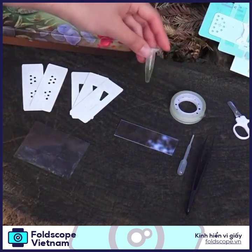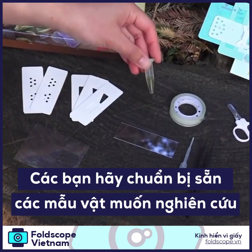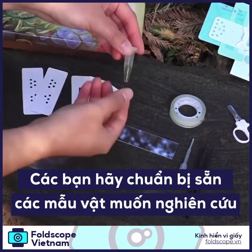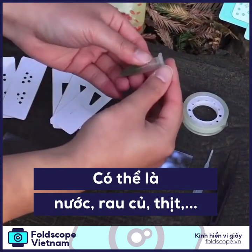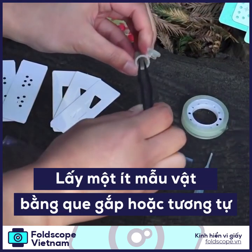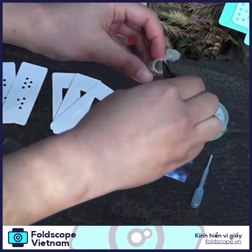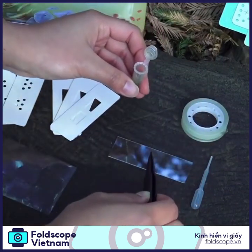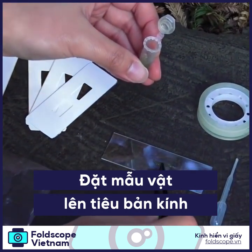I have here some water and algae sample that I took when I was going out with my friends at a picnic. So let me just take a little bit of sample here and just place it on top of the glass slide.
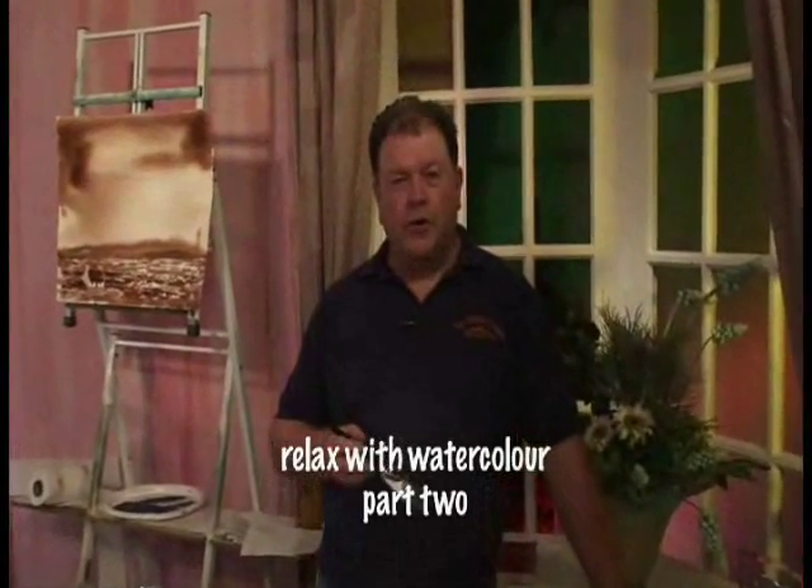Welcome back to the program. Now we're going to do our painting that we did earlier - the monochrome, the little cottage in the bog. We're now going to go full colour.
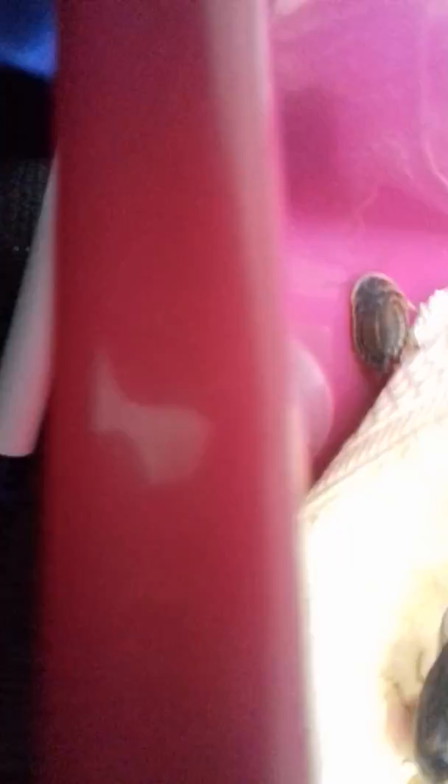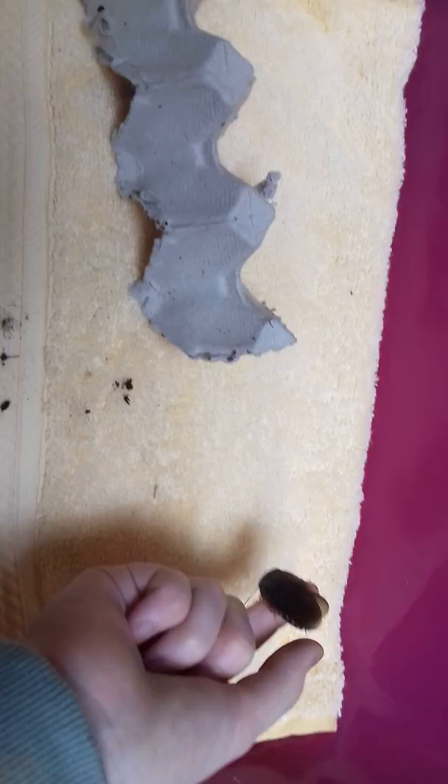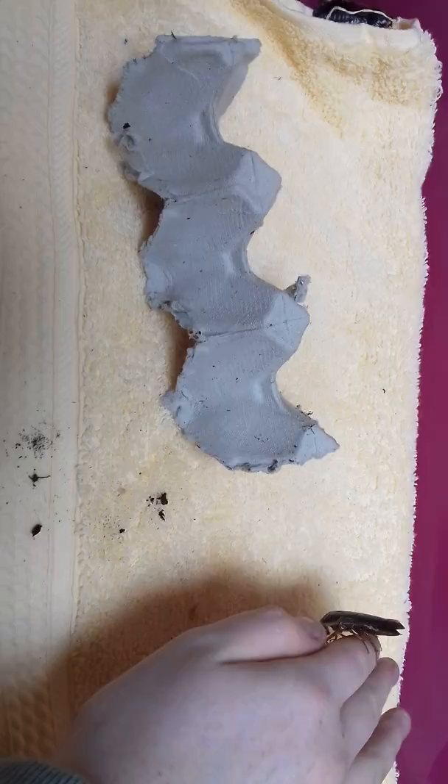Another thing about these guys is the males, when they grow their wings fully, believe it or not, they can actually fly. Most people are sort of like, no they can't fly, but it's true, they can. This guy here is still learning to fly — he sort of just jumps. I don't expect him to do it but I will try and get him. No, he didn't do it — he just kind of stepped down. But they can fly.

= = = = = = =

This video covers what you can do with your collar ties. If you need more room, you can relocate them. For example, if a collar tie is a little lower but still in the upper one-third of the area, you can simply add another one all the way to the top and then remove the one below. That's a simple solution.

= = = = = = =

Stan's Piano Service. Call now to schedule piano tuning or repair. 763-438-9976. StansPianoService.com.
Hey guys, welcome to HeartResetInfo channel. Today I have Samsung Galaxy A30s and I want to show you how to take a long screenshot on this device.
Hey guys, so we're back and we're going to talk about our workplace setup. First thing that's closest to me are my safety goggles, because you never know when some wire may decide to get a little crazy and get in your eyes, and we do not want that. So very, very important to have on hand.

= = = = = = =

Task goal:
Above are the records. Copy the lines beginning at the one that has "Hey guys, welcome" and ending with the one that has "Hey guys, so", unchanged.

Task output:
Hey guys, welcome to HeartResetInfo channel. Today I have Samsung Galaxy A30s and I want to show you how to take a long screenshot on this device.
Hey guys, so we're back and we're going to talk about our workplace setup. First thing that's closest to me are my safety goggles, because you never know when some wire may decide to get a little crazy and get in your eyes, and we do not want that. So very, very important to have on hand.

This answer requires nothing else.